Work item: In the copy of the lines below, leave out pictures and print everything else exactly.

Records shown:
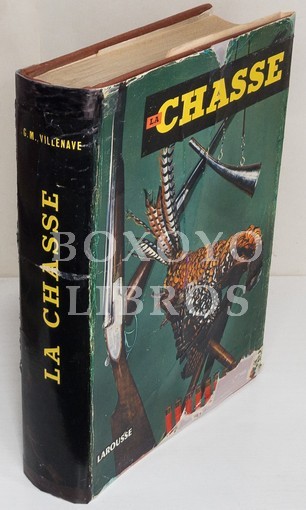 La chasse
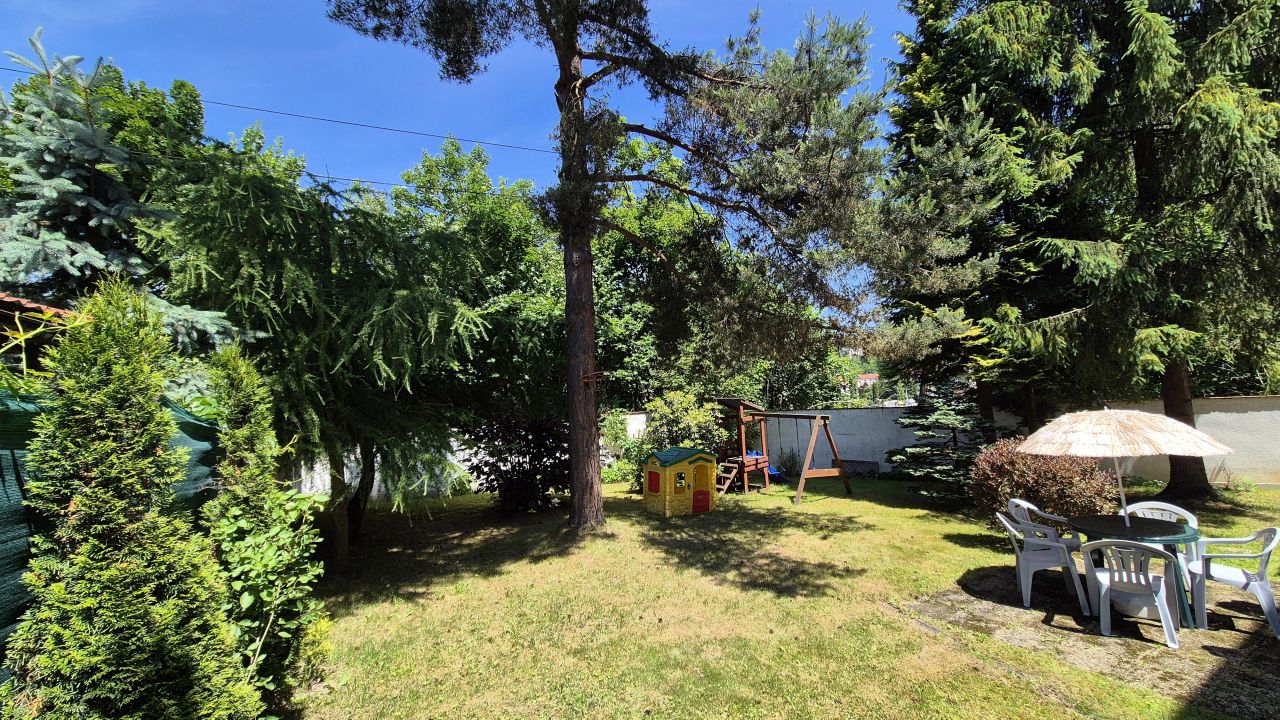 dom wolnostojący, 16 pokoi Rabka-Zdrój, ul. Pocztowa. Zdjęcie 15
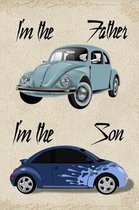 I'm The Father I'm The Son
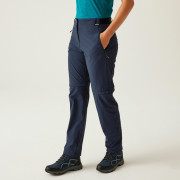 Spodnie damskie Regatta W Travel Light Z/O Packaway Trousers II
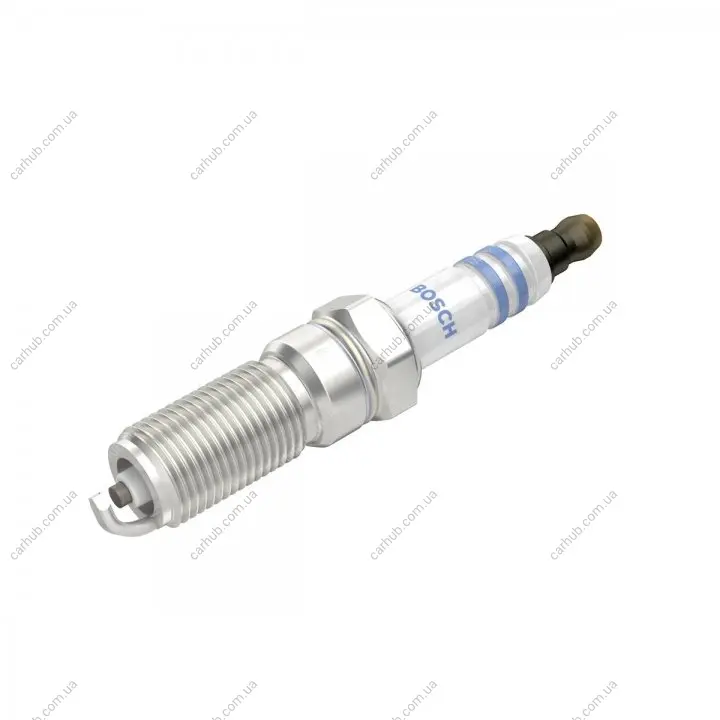 Свічка запалювання Ford Transit 1.8 16V 02- BOSCH 0 242 229 785 (фото 1)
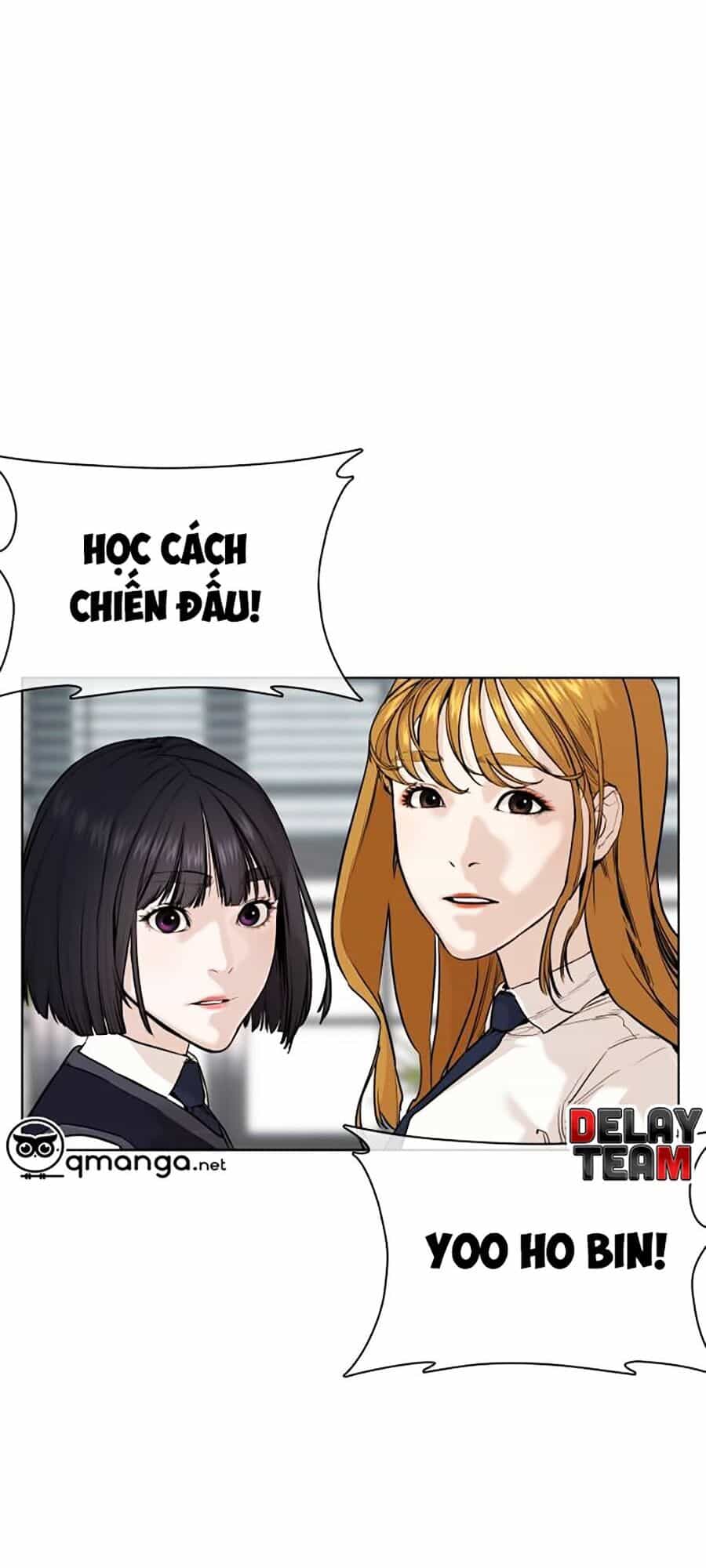 Cách Chiến Thắng Trận Đấu - Chương 36 - ảnh 147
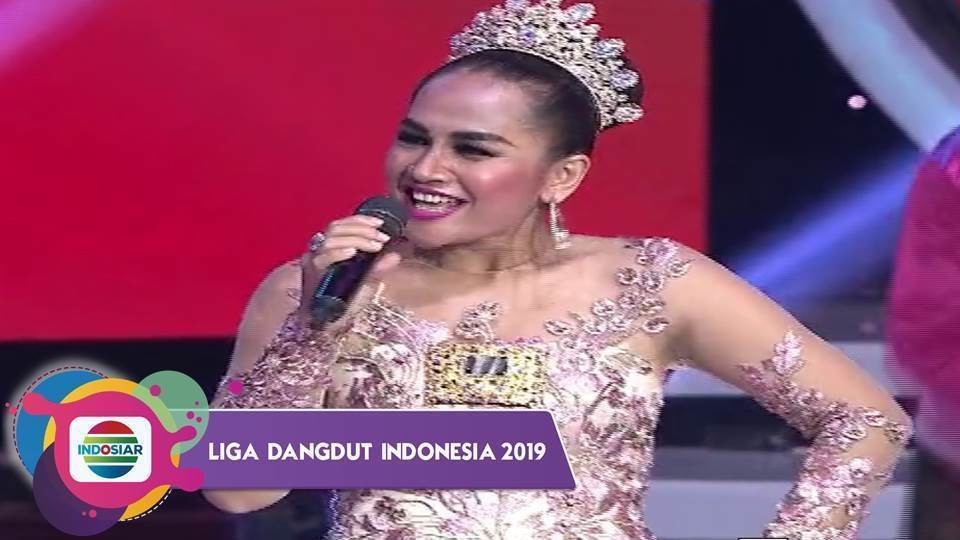 Streaming Bikin Melek Goyang Karawang Lilis Karlina Lida 19 Vidio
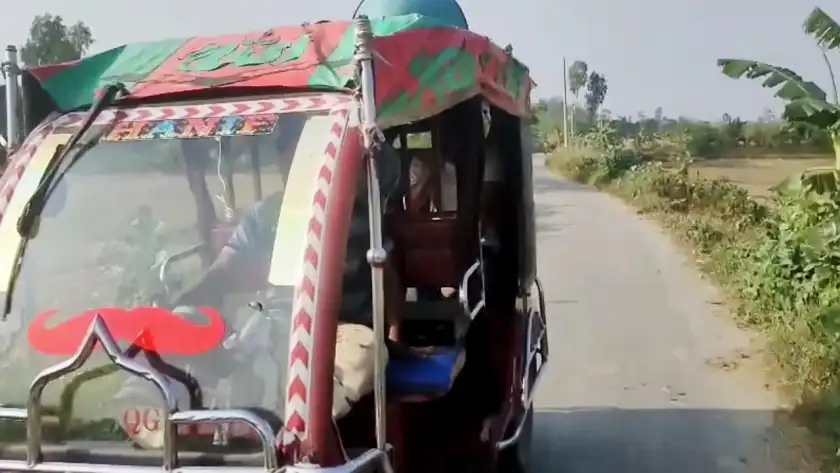 মাইকিং করে শেখ হাসিনার ফেরার ঘোষণা, গ্রেপ্তার দুই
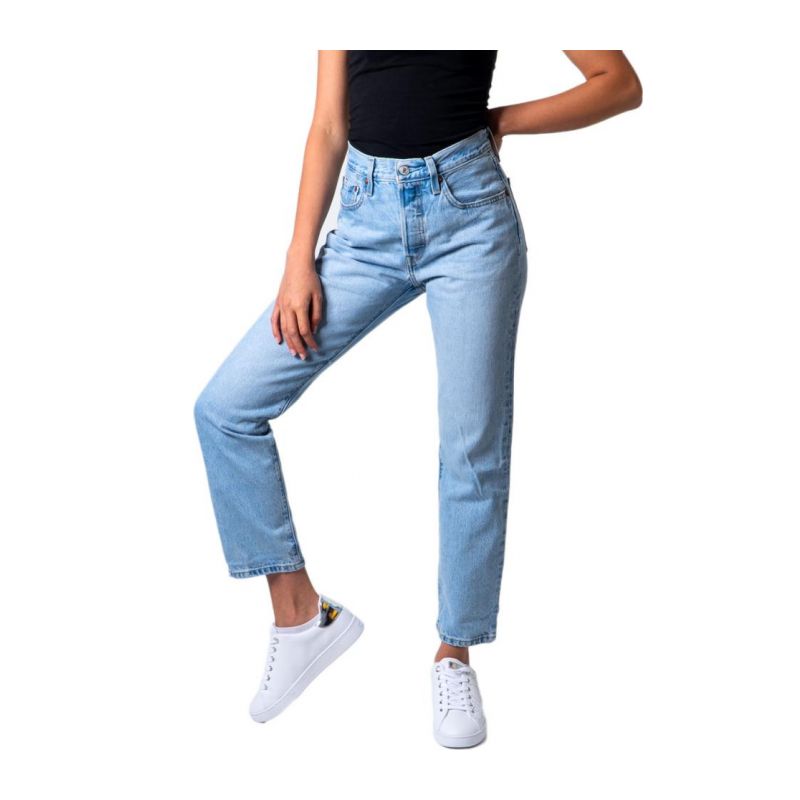 Дамски дънки LEVIS 181871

Task response:
 La chasse
 dom wolnostojący, 16 pokoi Rabka-Zdrój, ul. Pocztowa. Zdjęcie 15
 I'm The Father I'm The Son
 Spodnie damskie Regatta W Travel Light Z/O Packaway Trousers II
 Свічка запалювання Ford Transit 1.8 16V 02- BOSCH 0 242 229 785 (фото 1)
 Cách Chiến Thắng Trận Đấu - Chương 36 - ảnh 147
 Streaming Bikin Melek Goyang Karawang Lilis Karlina Lida 19 Vidio
 মাইকিং করে শেখ হাসিনার ফেরার ঘোষণা, গ্রেপ্তার দুই
 Дамски дънки LEVIS 181871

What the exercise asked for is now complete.